A civil engineer is interested in determining whether four different methods of estimating flood flow frequency produce equivalent estimates of peak discharge when applied to the same watershed. Each procedure is used six times on the watershed, and the resulting discharge data (in cubic feet per second)
We first setup our data and data frame
observation_1 = c(.34,.12,1.23,.70,1.75,.12)
observation_2 = c(.91,2.94,2.14,2.36,2.86,4.55)
observation_3 = c(6.31,8.37,9.75,6.09,9.82,7.24)
observation_4 = c(17.15,11.82,10.97,17.20,14.35,16.82)
all_observations<-c(observation_1, observation_2,observation_3,observation_4)
estimation_method<-c(rep(1,6), rep(2,6),rep(3,6),rep(4,6))
#Create data frame for analysis
data_frame<-data.frame(all_observations,estimation_method)
Our linear effects equation is:
\[{x_{ij}} = \mu + {\tau _i} + {\varepsilon _{ij}}\]
Our hypothesis is:
\[{H_0}:{\mu _1} = {\mu _2} = {\mu _3} = {\mu _4}\] \[{H_A}:{\mu _1} \ne {\mu _2} \ne {\mu _3} \ne {\mu _4}\]
We now look a the data to look at the normality of the data individually and collectively. We also will look at the data’s variance. We will use box plots and NPP plots to inspect the data.
#Let's do a NPP for each type to look out how normal our data is!
#Type1 NPP
qqnorm(observation_1, xlab = "Estimation 1 samples ", main = "Normal Probability Type 1")
qqline(observation_1, col = "purple", lwd = 2)
#Type2 NPP
qqnorm(observation_2, xlab = "Estimation 2 Samples ", main = "Normal Probability Type 2")
qqline(observation_2, col = "red2", lwd = 2)
#Type3 NPP
qqnorm(observation_3, xlab = "Estimation 3 Samples ", main = "Normal Probability Type 3")
qqline(observation_3, col = "blue4", lwd = 2)
#Type4 NPP
qqnorm(observation_4, xlab = "Estimation 4 Samples ", main = "Normal Probability Type 4")
qqline(observation_4, col = "yellow", lwd = 2)

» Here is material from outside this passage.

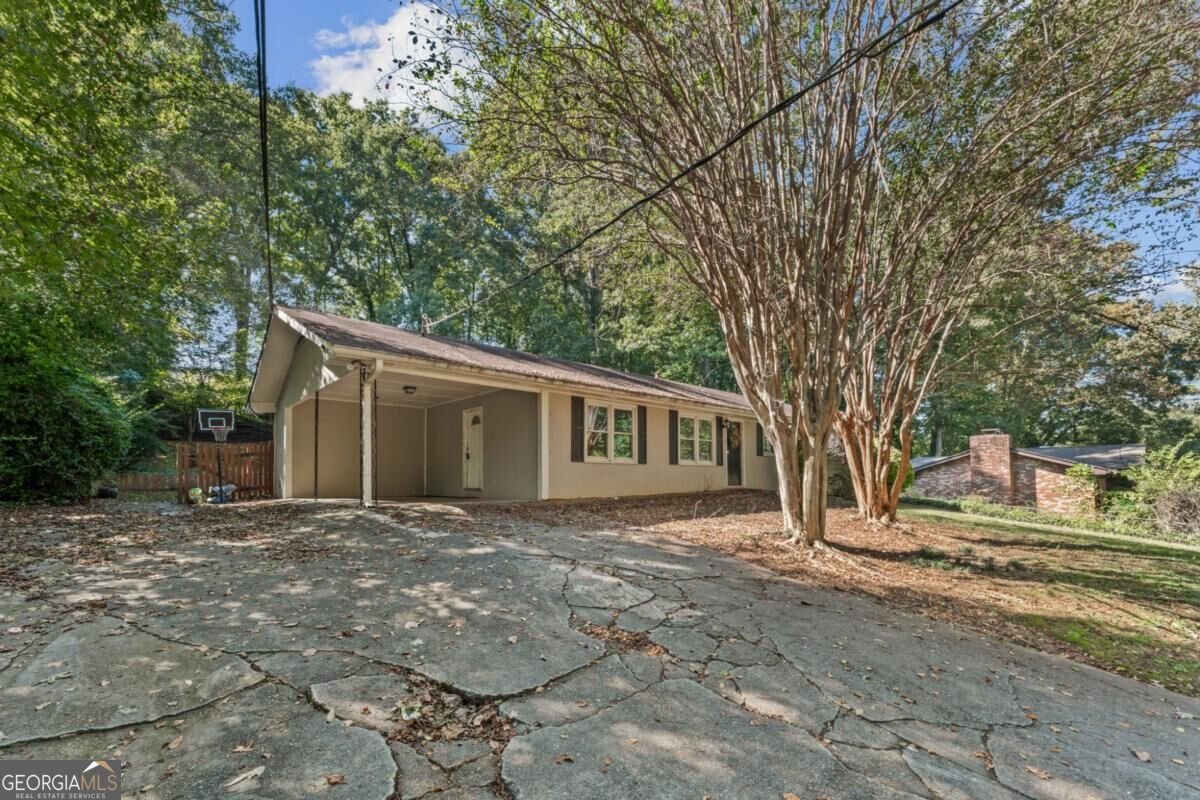 1533 Wildwood Drive Acworth - main photo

Observing the four data sets NPP plots individually, we can see the 1,2,and 3 seem reasonably linear. However data set 4 is clearly not linear. We also have an issue with so few data points in all the sets to make a definite clear conclusion. We will make a more definite conclusion we we consider the collective data later in this document.
boxplot(all_observations~estimation_method, xlab="estimation method", ylab = "observations",main="Boxplot of Estimation Methods")
mean_estimation_mthd=c(rep(mean(observation_1),6),rep(mean(observation_2),6),rep(mean(observation_3),6),rep(mean(observation_4),6))
observation_residuals= all_observations - mean_estimation_mthd
qqnorm(observation_residuals)
plot(mean_estimation_mthd,observation_residuals, xlab = "population average", ylab="residuals", main="constant variance vs population means")
We can cleary see from the box plot that the variance of the data sets vary widely. The means vary greatly also. Looking at the collective NPP plot is is clear that this data does not have a normal shape and would not be considered normal. We will attempt to use a transform to condition the data for a better analysis. The wide variance can also be seen in the residual plot. As currently condition the data seems to indicate that the null hypothesis would not be accepted. There is a clear difference in the data sets.Clearly the 4 different methods of measuring flood flow frequency are not equivalent.
model<-aov(all_observations~estimation_method, data = data_frame)
summary(model)
## Df Sum Sq Mean Sq F value Pr(>F)
## estimation_method 1 672.0 672.0 149.9 2.7e-11 ***
## Residuals 22 98.6 4.5
## ---
## Signif. codes: 0 '***' 0.001 '**' 0.01 '*' 0.05 '.' 0.1 ' ' 1
The P value is extremely small so we would reject the null hypothesis in the strongest way.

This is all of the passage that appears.